- Supplied material:
-*-
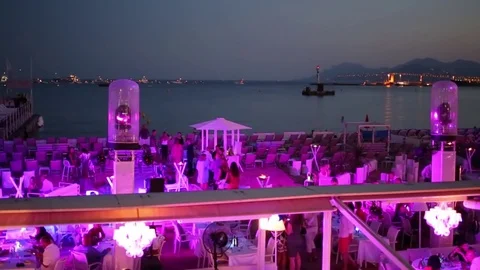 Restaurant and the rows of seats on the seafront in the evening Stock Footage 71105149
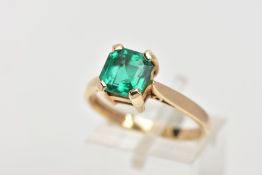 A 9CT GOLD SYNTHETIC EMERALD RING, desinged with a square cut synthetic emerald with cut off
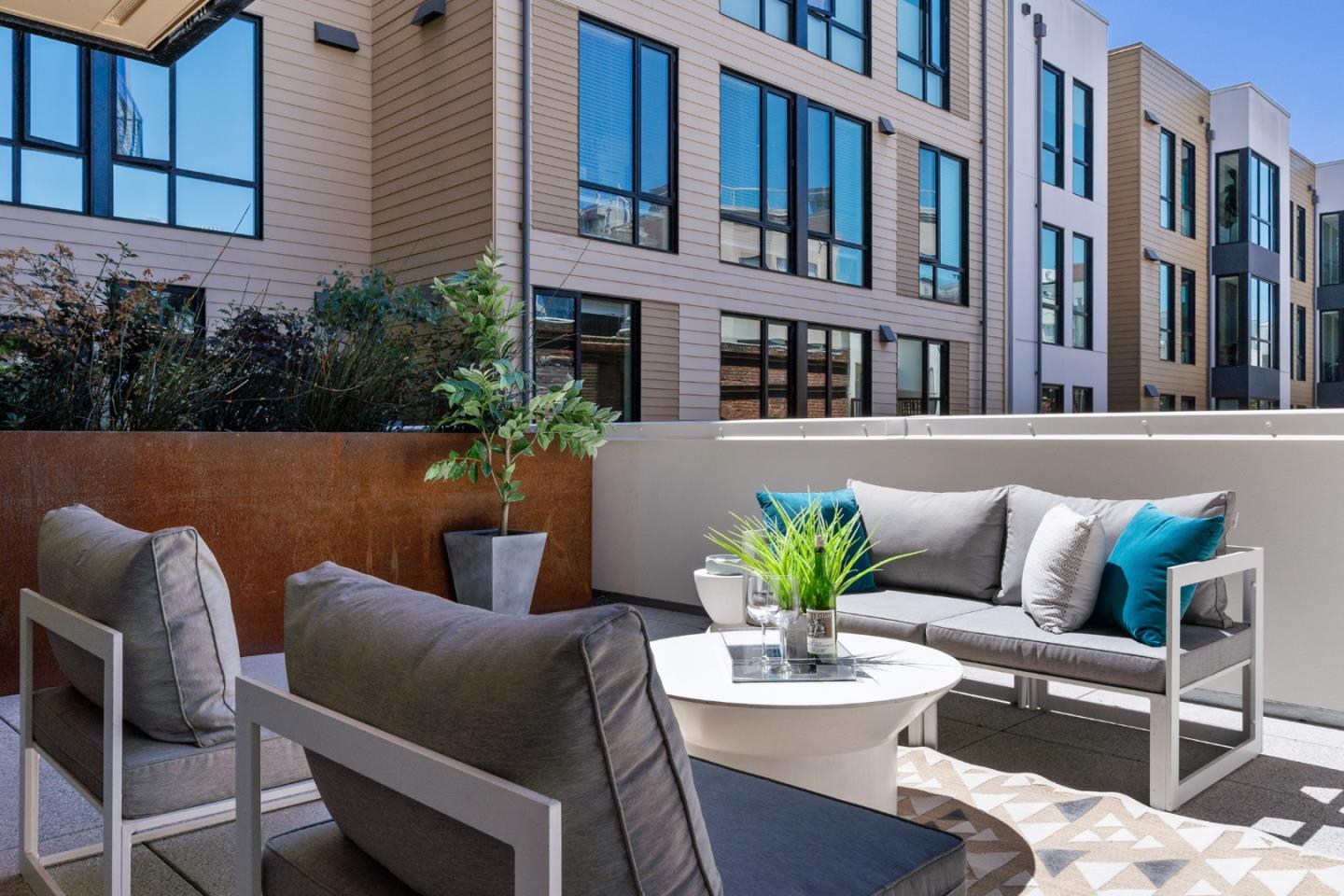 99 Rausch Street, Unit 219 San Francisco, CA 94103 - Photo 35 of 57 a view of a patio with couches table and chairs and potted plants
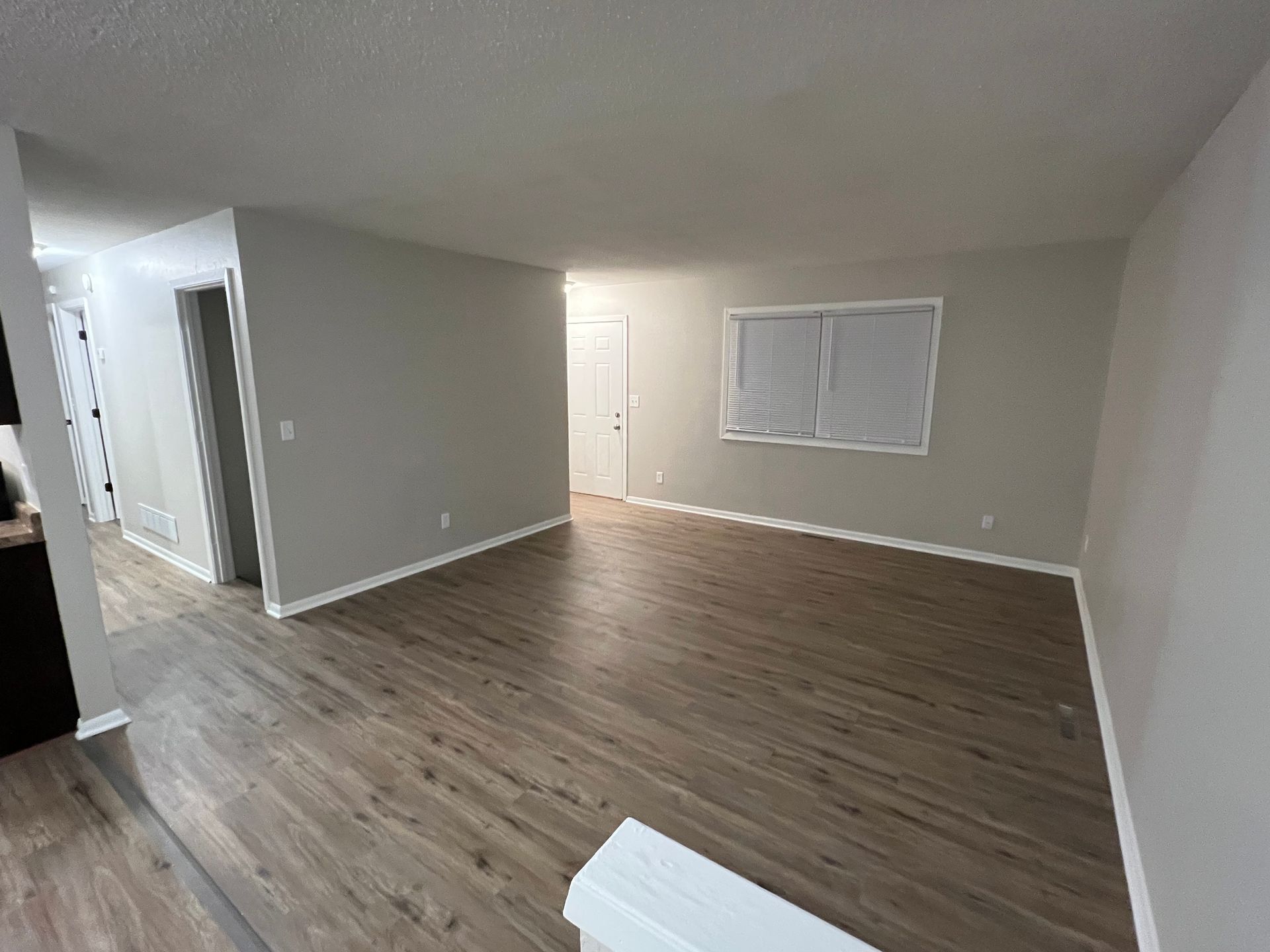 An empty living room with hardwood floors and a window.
-*-
Set out the material once more, exact in every line, with no images.

 Restaurant and the rows of seats on the seafront in the evening Stock Footage 71105149
 A 9CT GOLD SYNTHETIC EMERALD RING, desinged with a square cut synthetic emerald with cut off
 99 Rausch Street, Unit 219 San Francisco, CA 94103 - Photo 35 of 57 a view of a patio with couches table and chairs and potted plants
 An empty living room with hardwood floors and a window.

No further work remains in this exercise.